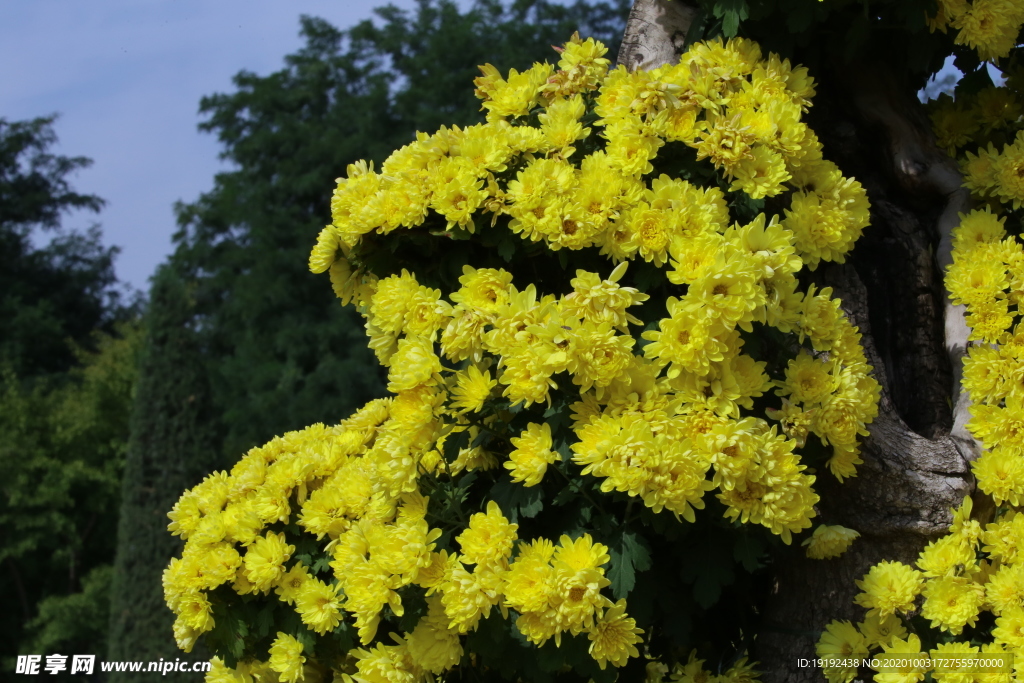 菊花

---

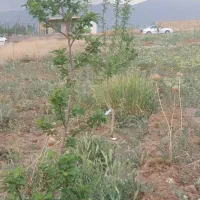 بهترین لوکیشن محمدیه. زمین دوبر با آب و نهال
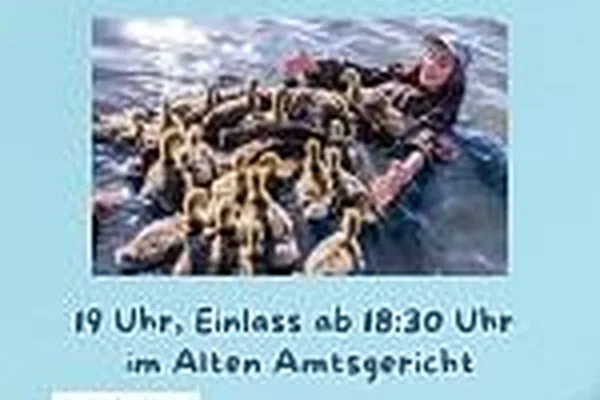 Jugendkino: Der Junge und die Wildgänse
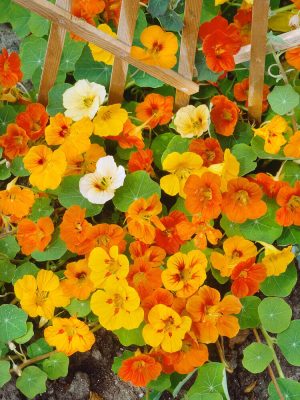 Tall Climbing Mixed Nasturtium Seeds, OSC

---

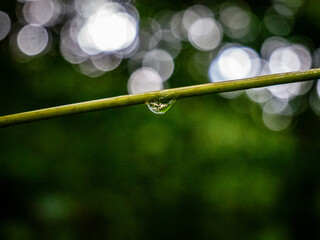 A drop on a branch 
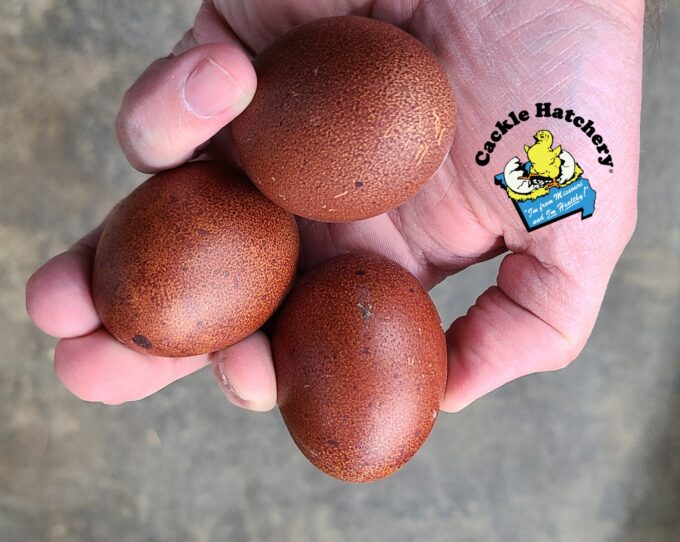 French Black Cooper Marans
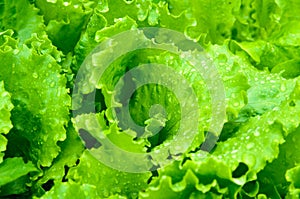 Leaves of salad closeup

---

Assignment ▸
Would you copy, word for word, only the lines above from the one containing "A drop on a branch" through the one containing "Leaves of salad closeup", both included, and please leave out the pictures?

Output for this exercise ▸
 A drop on a branch 
 French Black Cooper Marans
 Leaves of salad closeup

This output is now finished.